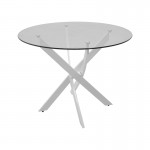 Τραπέζι Antoro pakoworld γυαλί και μεταλλικά πόδια σε λευκή απόχρωση Φ80x75εκ c504036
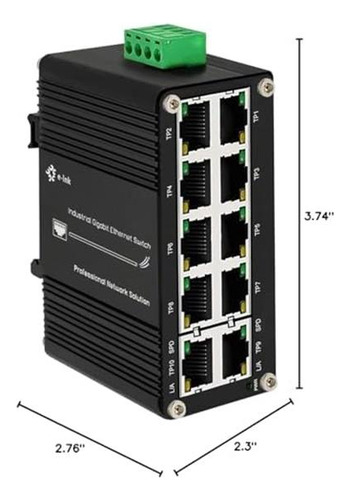 Mini Switch Industrial 10 Puertos Interruptor Gigabit 10 Din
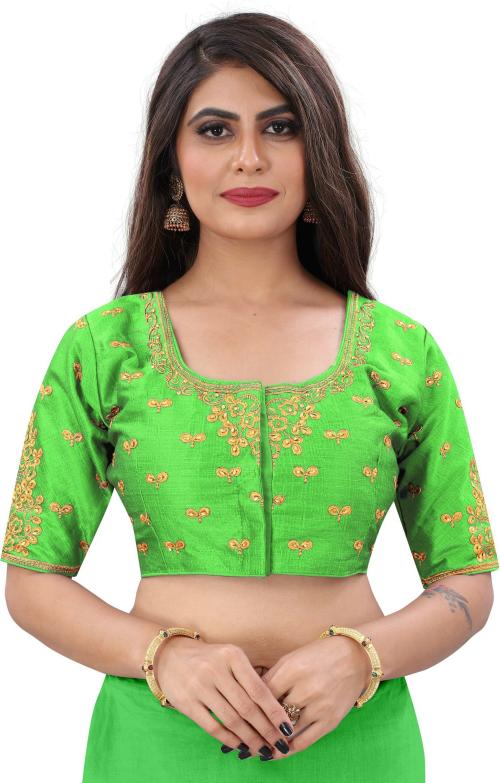 Jay Pal Women Light Green Embriodered Art Silk U-Neck Blouse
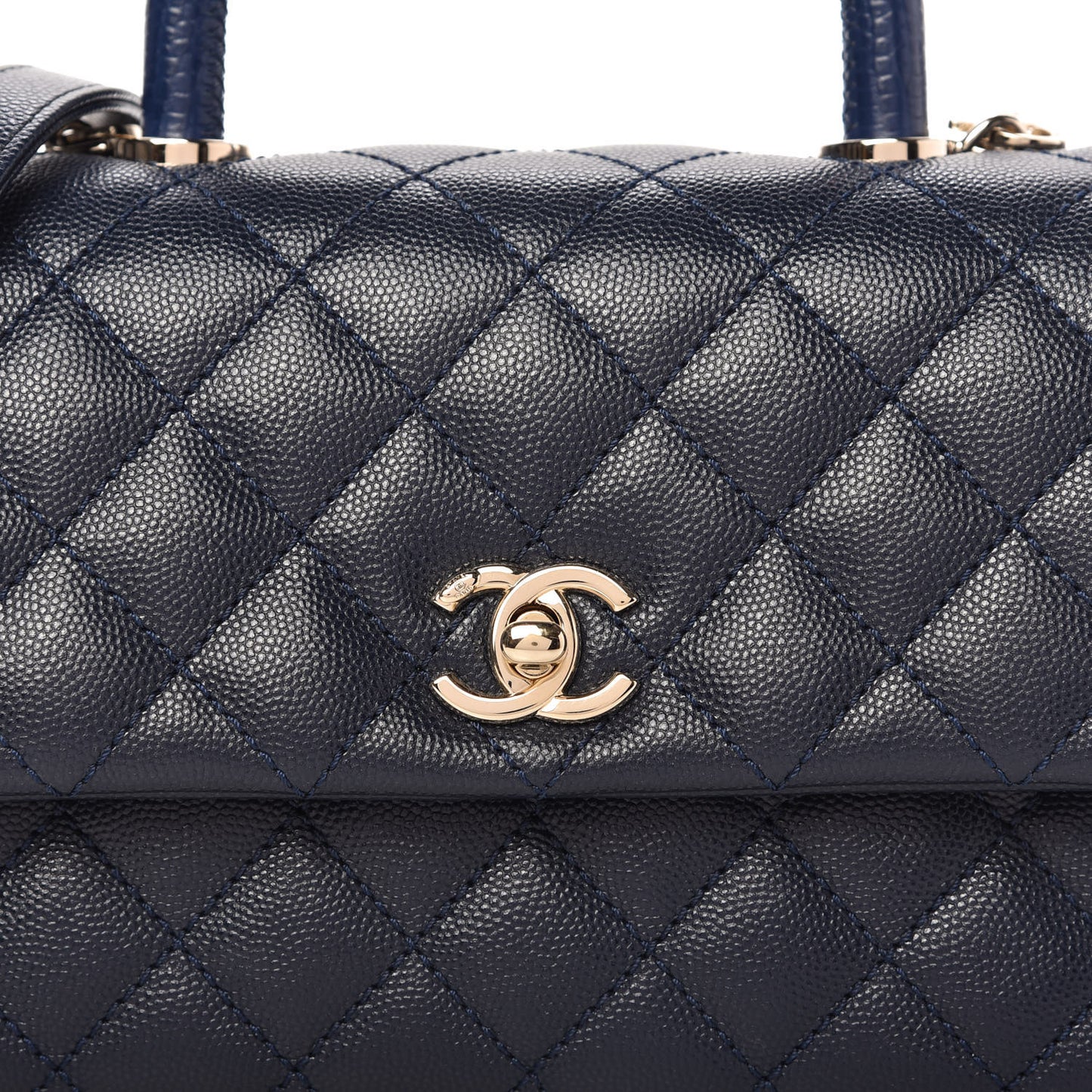 Caviar Quilted Mini Coco Handle Flap Navy Blue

○ ○ ○ ○ ○ ○ ○

» Exercise objective
Give back all the data exactly, minus pictures.

» Finished task
 Τραπέζι Antoro pakoworld γυαλί και μεταλλικά πόδια σε λευκή απόχρωση Φ80x75εκ c504036
 Mini Switch Industrial 10 Puertos Interruptor Gigabit 10 Din
 Jay Pal Women Light Green Embriodered Art Silk U-Neck Blouse
 Caviar Quilted Mini Coco Handle Flap Navy Blue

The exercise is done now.